Ex-boxing champ Vinny Paz accused of assault: 'I got robbed'

FILE - In this Nov. 2, 2016, file photo, former boxer Vinny Paz, subject of the film "Bleed for This," poses at the premiere of the film in Beverly Hills, Calif. Retired boxing champion Vinny Paz, whose comeback story after a car crash was dramatized in the 2016 film "Bleed for This," has been accused of attacking a Rhode Island man and sending him to the hospital. Providence police say they were called to a home early Tuesday morning, Jan . 2, 2018. They say when officers arrived, witnesses told them Paz had accused a friend of stealing $16,000 and then assaulted him. (Photo by Chris Pizzello/Invision/AP, File)
Vinny Paz appears in court for assault charges on Wednesday, Jan. 3, 2018. The retired boxing champion whose comeback story after a car crash was dramatized in the 2016 film "Bleed for This," has been accused of attacking a Rhode Island man and sending him to the hospital. (Sandor Bodo/Providence Journal via AP, Pool)
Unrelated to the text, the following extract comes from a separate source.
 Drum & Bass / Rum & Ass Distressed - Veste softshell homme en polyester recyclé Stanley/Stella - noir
PROVIDENCE, R.I. — Ex-boxing champion Vinny Paz, who's accused of biting a man, knocking out his teeth and sending him to a hospital, appeared in court on a felony assault charge on Wednesday and was released.
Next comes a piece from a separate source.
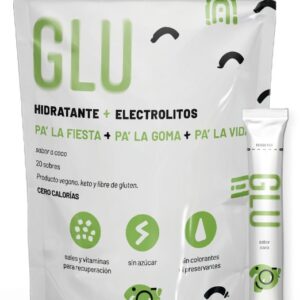 Bebida Hidratante Glu sabor Agua de Coco x20 4grs 3279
Paz, a five-time world champion who broke his neck in a car crash, is known for his comeback story, which was dramatized in the 2016 film "Bleed for This," starring Miles Teller. He appeared in Providence District Court on Wednesday morning, not long after turning himself in on a warrant issued by police on Tuesday.

Paz, who appeared in court with black eyes, did not enter a plea and was released on personal recognizance. He was ordered to have no contact with the man he's accused of beating and was scheduled to appear in superior court in April.

Witnesses told police that Paz accused the man of stealing $16,000.

Outside court, the retired champ maintained his innocence, telling reporters, "I got robbed." He called himself the victim and said he planned to go to a hospital after leaving court.

Asked if he regretted taking the law into his own hands, he replied, "No."

Paz, 55, retired from boxing in 2004. Since then, he has had several brushes with the law, including a 2012 no-contest plea to disorderly conduct for a fight with two women at a Providence bar. He also pleaded no contest in 2007 to drunken driving.